Das fremde Gesicht
Das fremde GesichtDas fremde Gesicht von Mary Higgins Clark ist ein älterer Krimi der sich noch gut lesen lässt. Allerdings hat die Autorin bessere Bücher.
Sie greift in dem Buch Themen wie In-Vitro-Fertilisation, Machtmissbrauch, ...
Das fremde Gesicht von Mary Higgins Clark ist ein älterer Krimi der sich noch gut lesen lässt. Allerdings hat die Autorin bessere Bücher.
Sie greift in dem Buch Themen wie In-Vitro-Fertilisation, Machtmissbrauch, Leihmütter und Doppelleben auf. Die Grundidee des Buches fand ich spannend doch leider war es nicht so spannend wie gedacht.
Meghan ist auf der Suche nach ihrem Vater der vor Monaten Spurlos verschwunden ist.

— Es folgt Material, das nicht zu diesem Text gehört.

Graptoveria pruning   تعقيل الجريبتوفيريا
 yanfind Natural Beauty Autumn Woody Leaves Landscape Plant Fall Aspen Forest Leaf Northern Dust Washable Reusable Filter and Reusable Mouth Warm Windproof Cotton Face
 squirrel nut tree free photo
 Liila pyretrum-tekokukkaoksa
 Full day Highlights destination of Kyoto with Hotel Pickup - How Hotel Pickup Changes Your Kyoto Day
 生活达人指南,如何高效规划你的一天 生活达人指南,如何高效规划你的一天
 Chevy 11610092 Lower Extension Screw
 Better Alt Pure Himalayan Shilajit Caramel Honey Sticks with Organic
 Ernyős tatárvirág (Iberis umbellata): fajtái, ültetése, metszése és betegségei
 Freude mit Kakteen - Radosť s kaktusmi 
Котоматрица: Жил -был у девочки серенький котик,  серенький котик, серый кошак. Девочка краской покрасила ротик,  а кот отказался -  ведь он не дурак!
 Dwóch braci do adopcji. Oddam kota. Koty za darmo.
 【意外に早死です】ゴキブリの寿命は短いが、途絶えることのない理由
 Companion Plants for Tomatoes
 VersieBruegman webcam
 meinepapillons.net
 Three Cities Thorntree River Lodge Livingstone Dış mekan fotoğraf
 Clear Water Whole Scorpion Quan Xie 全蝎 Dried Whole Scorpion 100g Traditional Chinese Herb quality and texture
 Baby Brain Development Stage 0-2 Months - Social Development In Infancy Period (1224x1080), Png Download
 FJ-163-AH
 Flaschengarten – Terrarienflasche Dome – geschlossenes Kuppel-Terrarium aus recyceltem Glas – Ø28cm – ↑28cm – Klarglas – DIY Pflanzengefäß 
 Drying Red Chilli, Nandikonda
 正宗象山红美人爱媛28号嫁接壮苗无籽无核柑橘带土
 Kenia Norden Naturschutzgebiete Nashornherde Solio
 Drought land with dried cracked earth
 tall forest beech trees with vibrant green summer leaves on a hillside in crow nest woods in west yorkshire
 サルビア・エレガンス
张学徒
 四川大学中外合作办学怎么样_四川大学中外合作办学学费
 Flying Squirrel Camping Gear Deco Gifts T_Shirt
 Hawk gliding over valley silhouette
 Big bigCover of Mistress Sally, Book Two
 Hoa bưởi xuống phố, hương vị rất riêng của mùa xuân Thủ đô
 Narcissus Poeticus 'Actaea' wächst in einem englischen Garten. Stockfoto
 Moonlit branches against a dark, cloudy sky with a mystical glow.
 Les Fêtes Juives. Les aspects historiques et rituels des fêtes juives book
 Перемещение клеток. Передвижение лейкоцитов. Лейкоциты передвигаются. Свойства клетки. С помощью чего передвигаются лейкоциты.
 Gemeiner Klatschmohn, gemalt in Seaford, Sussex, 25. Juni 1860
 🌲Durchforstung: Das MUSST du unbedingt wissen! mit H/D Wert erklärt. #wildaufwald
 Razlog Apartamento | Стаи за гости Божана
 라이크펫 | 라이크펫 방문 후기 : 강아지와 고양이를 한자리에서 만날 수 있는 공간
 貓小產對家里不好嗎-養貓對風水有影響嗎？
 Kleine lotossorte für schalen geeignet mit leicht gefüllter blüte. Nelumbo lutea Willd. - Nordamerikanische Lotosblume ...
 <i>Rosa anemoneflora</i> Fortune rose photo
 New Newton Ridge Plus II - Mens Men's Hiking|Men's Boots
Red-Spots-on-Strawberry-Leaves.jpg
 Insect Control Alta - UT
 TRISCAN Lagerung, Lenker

Die Behörden glauben nicht das er bei einem Unfall ums Leben kam sondern untergetaucht ist. Dazu würde der Mord an einer jungen Frau passen die Meg wie aus dem Gesicht geschnitten ist und der Mord an einer Ärztin die einige Geheimnisse hatte. Doch wo liegen die Verbindungen und hat Megs Vater wirklich was damit zu tun?
Normalerweise habe ich mit älteren Büchern nicht so viele Probleme. Klar muss man sich anfangs etwas an die etwas ältere Sprache und Schreibweise gewöhnen. Allerdings hatte ich hier meine Probleme mit dem Buch. Zum einen gibt es eine gewisse Namensähnlichkeit bei den Protagonisten die es teilweise schwierig machte eine Passage flüssig zu lesen. Die Autorin springt mir aber auch etwas zu sehr in den verschiedenen Handlungssträngen. Es wirkt dadurch etwas abgehackt und holprig. Leider waren die Wechsel auch nicht wirklich gekennzeichnet. So musste man sich bei jedem Absatz wieder neu zurecht finden wo man gerade ist. Normalerweise liebe ich es wenn es mehrere Handlungsstränge gibt die am Ende zusammen kommen. Doch hier fiel es mir schwer.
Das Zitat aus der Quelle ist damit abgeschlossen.